I did describe how this pricing came about in the article however - the strong belief that imported deflation will be stronger than service inflation effects. This in itself is also a situation in which something "eventually has to give" as the Chinese enable this deflation through debt accretion of their own!

Luca Rotter's avatar

That’s a very interesting point, which I hadn’t fully appreciated reading your post. So, the market (momentarily) believes that global deflationary forces will prevail, and yet demands significant term premium from the nominal yield curve. For fiscal irresponsibility alone, basically, hence the steep real yield curve and inverted BEI. I do agree that the BEI curve is most likely where the mispricing is (i.e. it will have to reprice significantly higher), but receiving the long-end real yield remains imho the best way to play that view, especially in non-USD currencies such as AUD and NZD, at their current levels of ~3.00% and above.

Lucas Vaneskeheian's avatar

Reading this from Argentina so very much agree with the dynamics of a soft default (not even mentioning hard ones!). In a closed economy with capital restrictions, winners have long been local industrialists whose prices have always outpaced inflation and benefitted from little to no competition from intl' markets.

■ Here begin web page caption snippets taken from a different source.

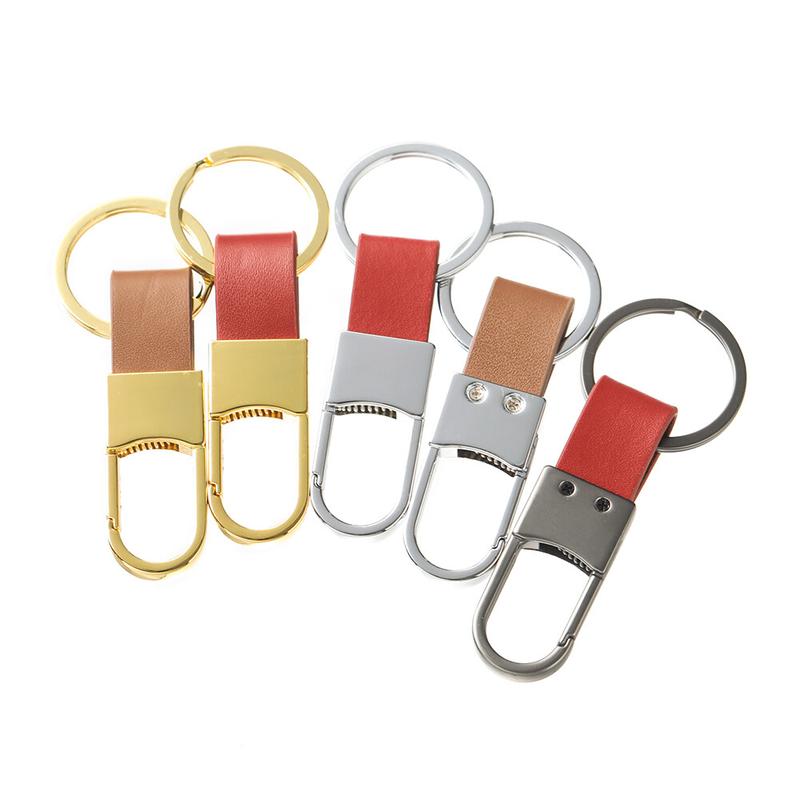 St. kunkka 1pcs 3x8cm Multicolor Metal Cowhide Car Keychain Fashion Accessories for diy Keychain Accessories Accessories 5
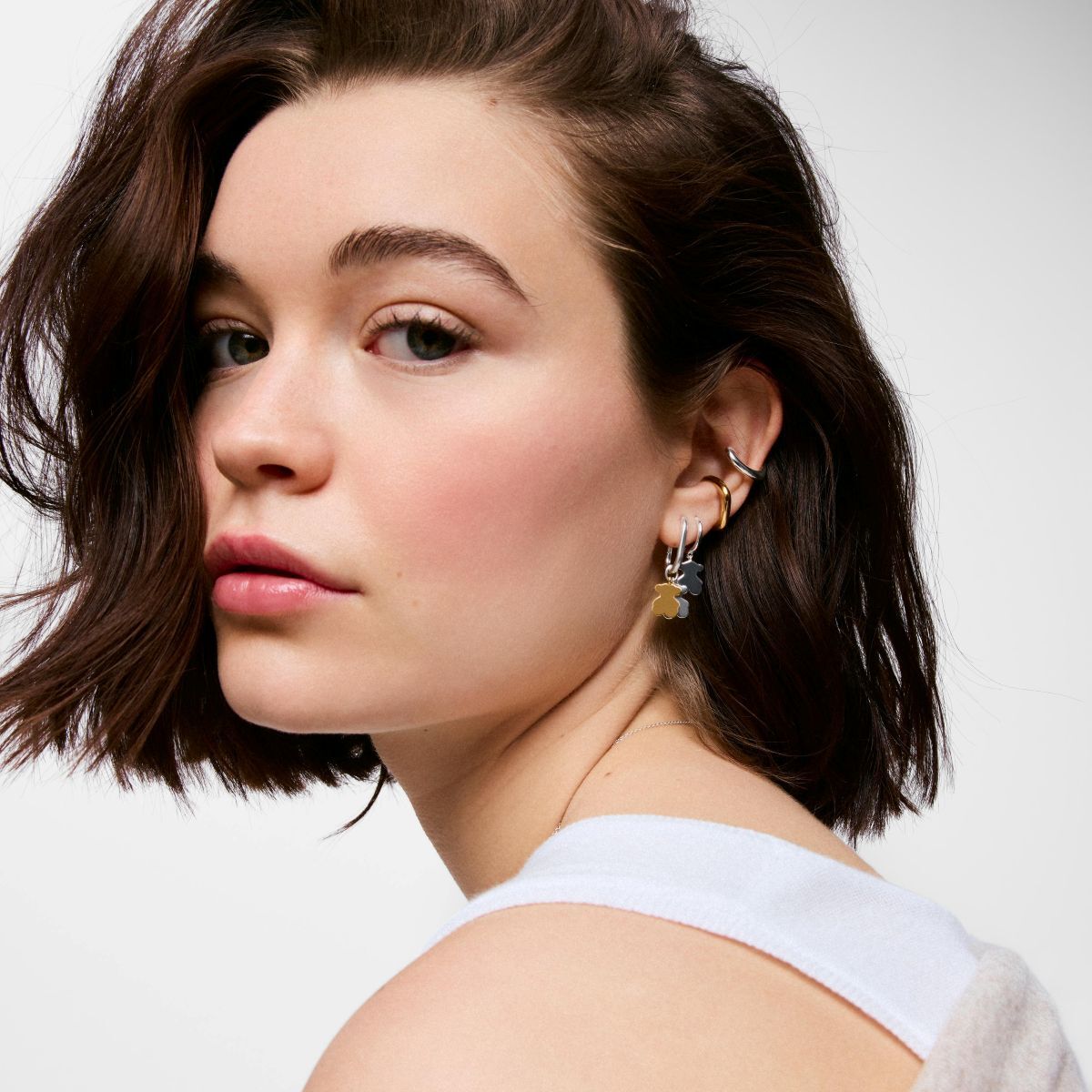 Pendientes de aro pequeños motivo oso bicolor Sweet Dolls de Tous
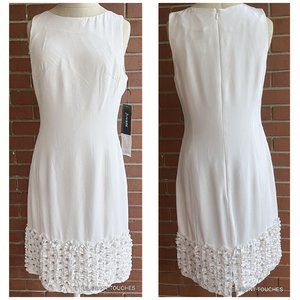 Jovani White Silk Sheath Dress Sz 4 Sleeveless Lined Beaded Ruched Hem Midi NWT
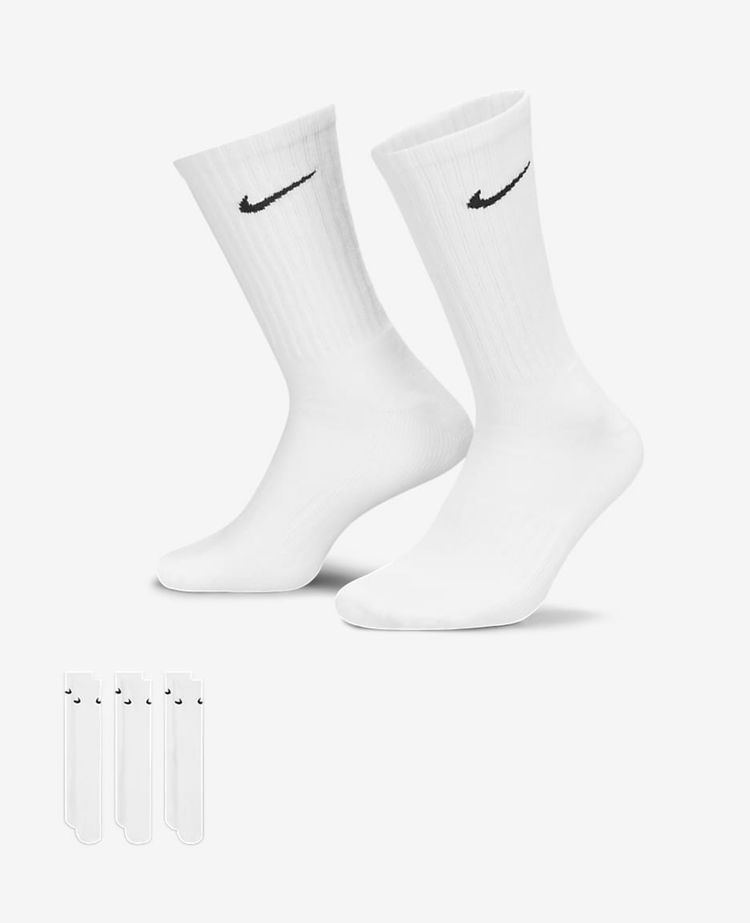 Nike White Crew Socks With Black Swoosh Logo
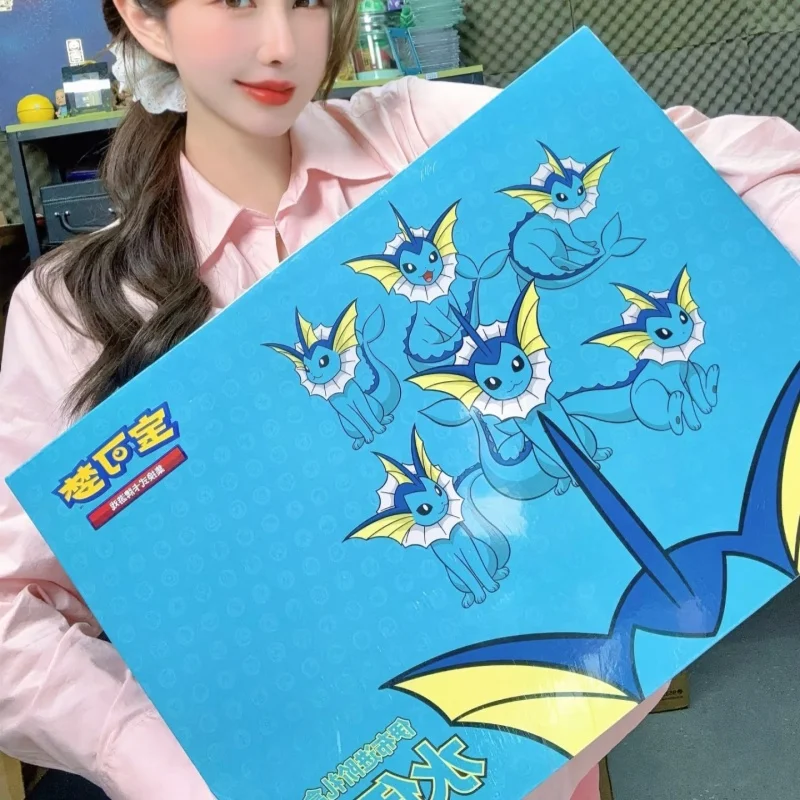 100% original cartão ptcg chinês pokémon eevee caixa de presente avançada reib fireeevee watereevee cartão colecionável personalizado presentes de aniversário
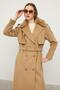 Limited Edition Coat with Removable Fur Self-Patterned Kamel 3127 - 4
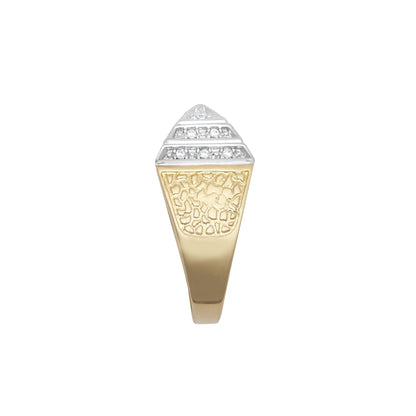 9ct 2-Colour Gold  Egyptian Pyramid 10mm Signet Pinky Baby Ring - JBR036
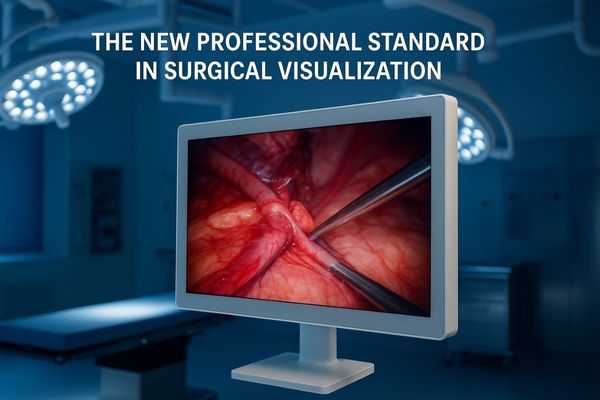A hero shot of a surgical display beautifully lit in a state-of-the-art operating room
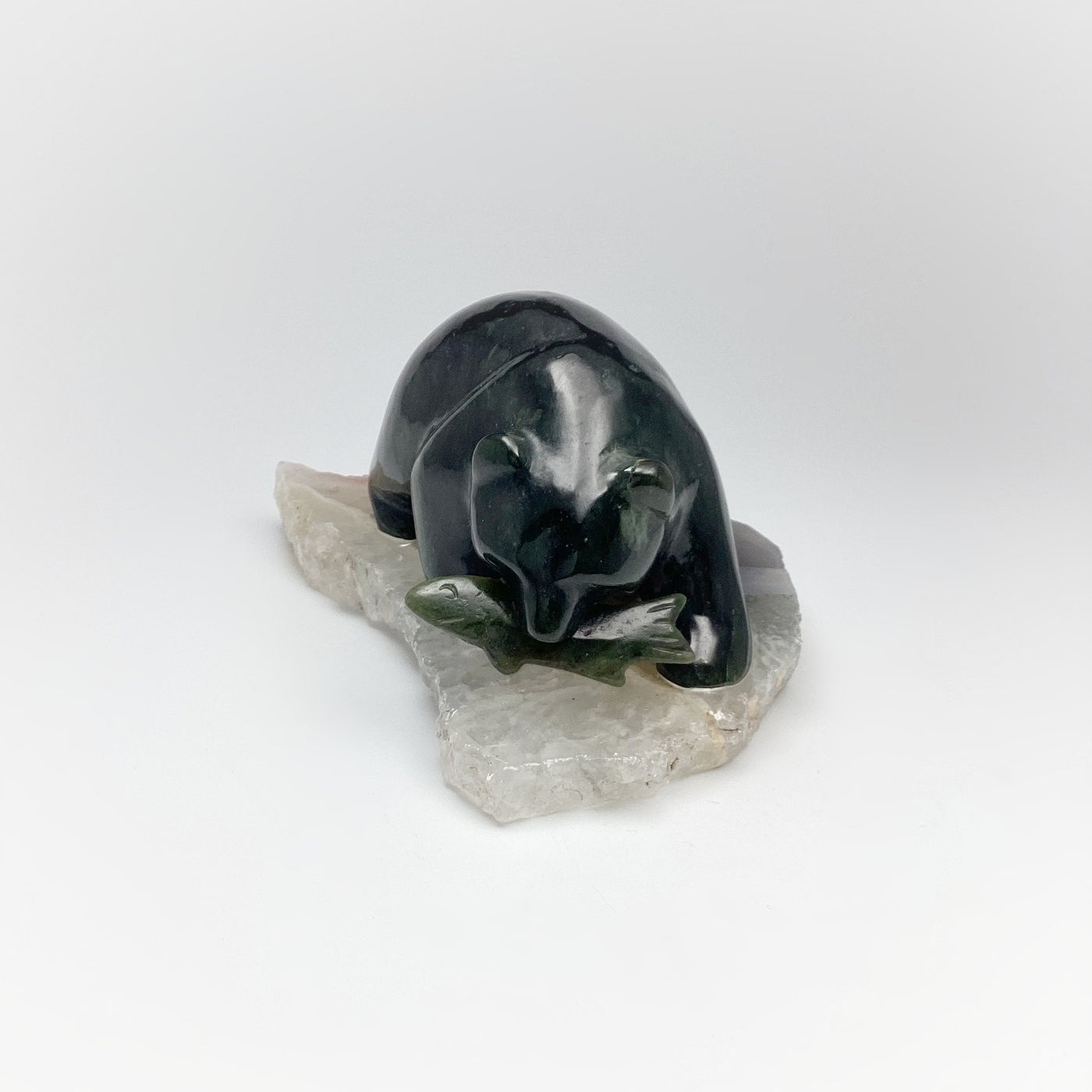 BC Jade Bear with Fish Carving on Natural Agate Base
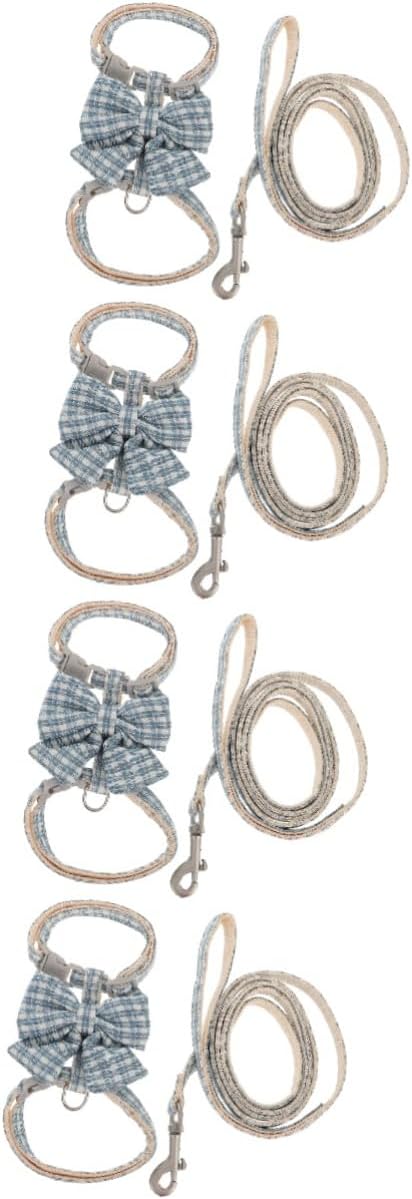 YARNOW 4 Sätze Katzenleine Katzengeschirr und Leine Sicherheitsweste für Katzenfahrzeuge Geschirre Leinen cat Leash katzenzubehöhr Seilgeschirr ziehen Laufleine für Katzen Polyester Blue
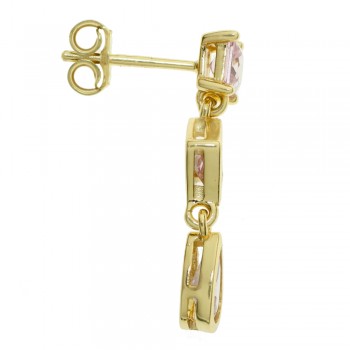 Pendientes largos circonitas color rosa Plata de Ley - Karissma 2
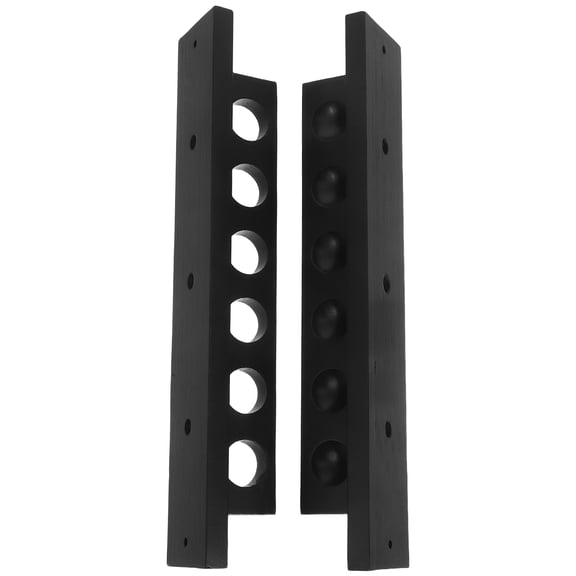 LOLIPPYY Wall Mounted Billiards Cue Rack Solid Wood Holder with 6 Cue Capacity Black Storage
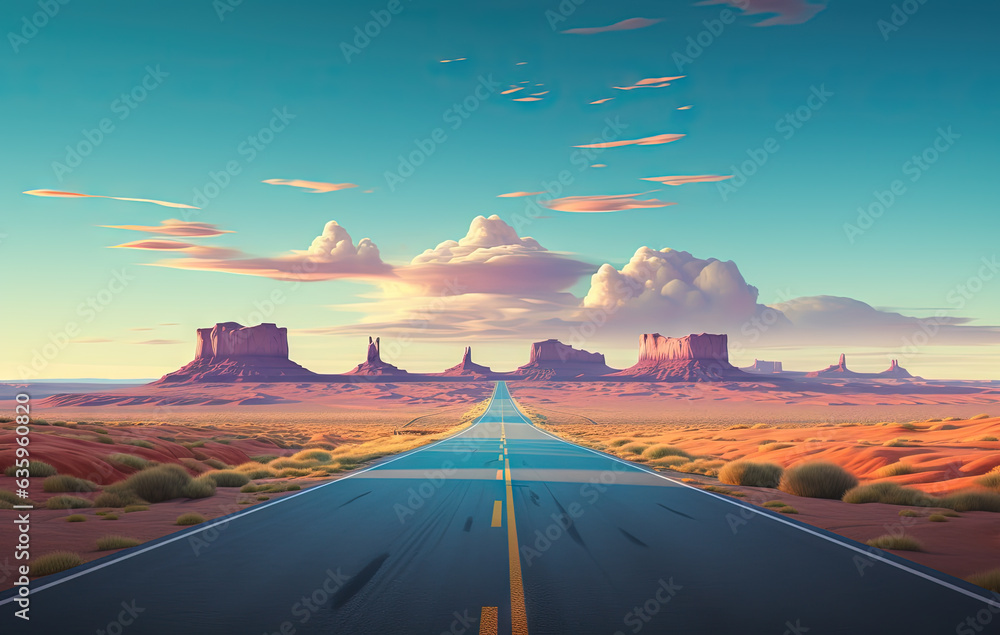 Road to the horizon. Landscape with endless highway.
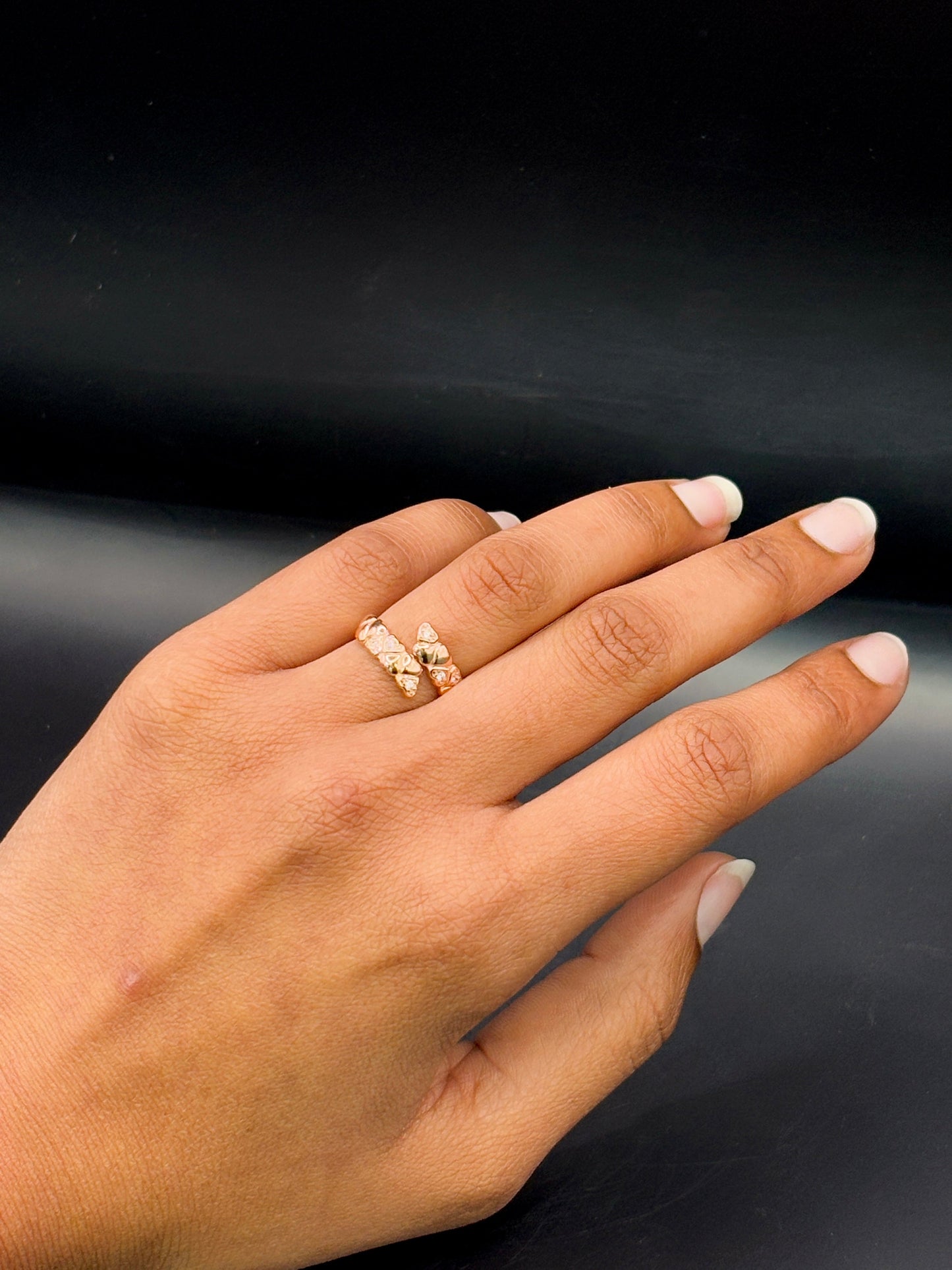 Rose Gold Plated Diamond Heart Band Ring TISA Silver Elegance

I think the US might have a tougher time making investors forget about their latest soft default. As you rightly mention Peter, it took a multi-decade rally to gain back their reputation, so I don't see a clear path given the political willingness to do anything about it.

Peter Farac's avatar

I agree...it just reduces the discretionary allocation towards bonds.

The thing is that the mandatory allocation is only growing bigger!

David R.'s avatar

You do address this, but one has to wonder how much runway there is for "China... to continue to deflate export prices."

A huge fraction of secondary sector output is plowed into capital formation, underwritten by the implicit central government guarantee of manufacturing enterprise debts and a bunch of transfers. How long can those debts and transfers continue to allow capital accumulation wildly in excess of what domestic workers/consumers need or could utilize?